**DATASET SECTION**.
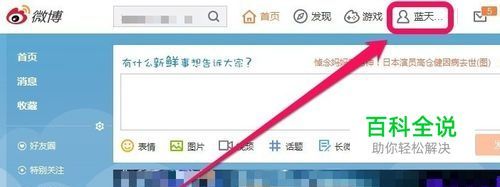 如何修改新浪微博昵称，打造个性化微博体验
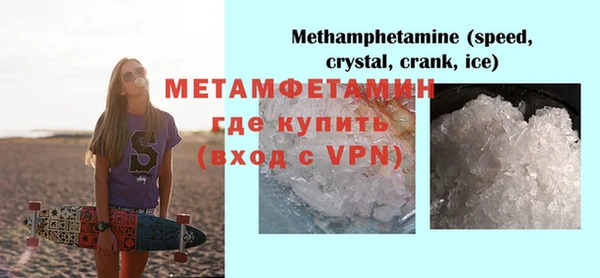 прущая мука Козельск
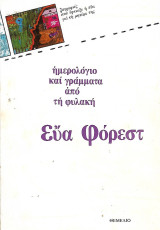 Ημερολόγιο και γράμματα από τη φυλακή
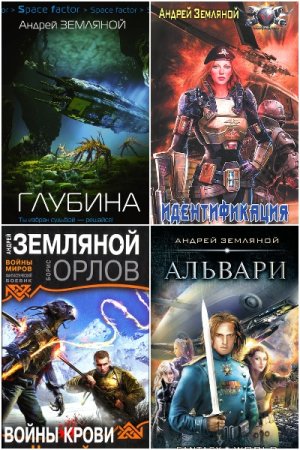 Обложка к Андрей Земляной. Сборник 74 книги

**EXERCISE GOAL**. Print each line from the one containing "Ημερολόγιο και γράμματα από τη φυλακή" through the last line of the listing, both included, exactly and with no pictures.

**PROBLEM SOLUTION**.
 Ημερολόγιο και γράμματα από τη φυλακή
 Обложка к Андрей Земляной. Сборник 74 книги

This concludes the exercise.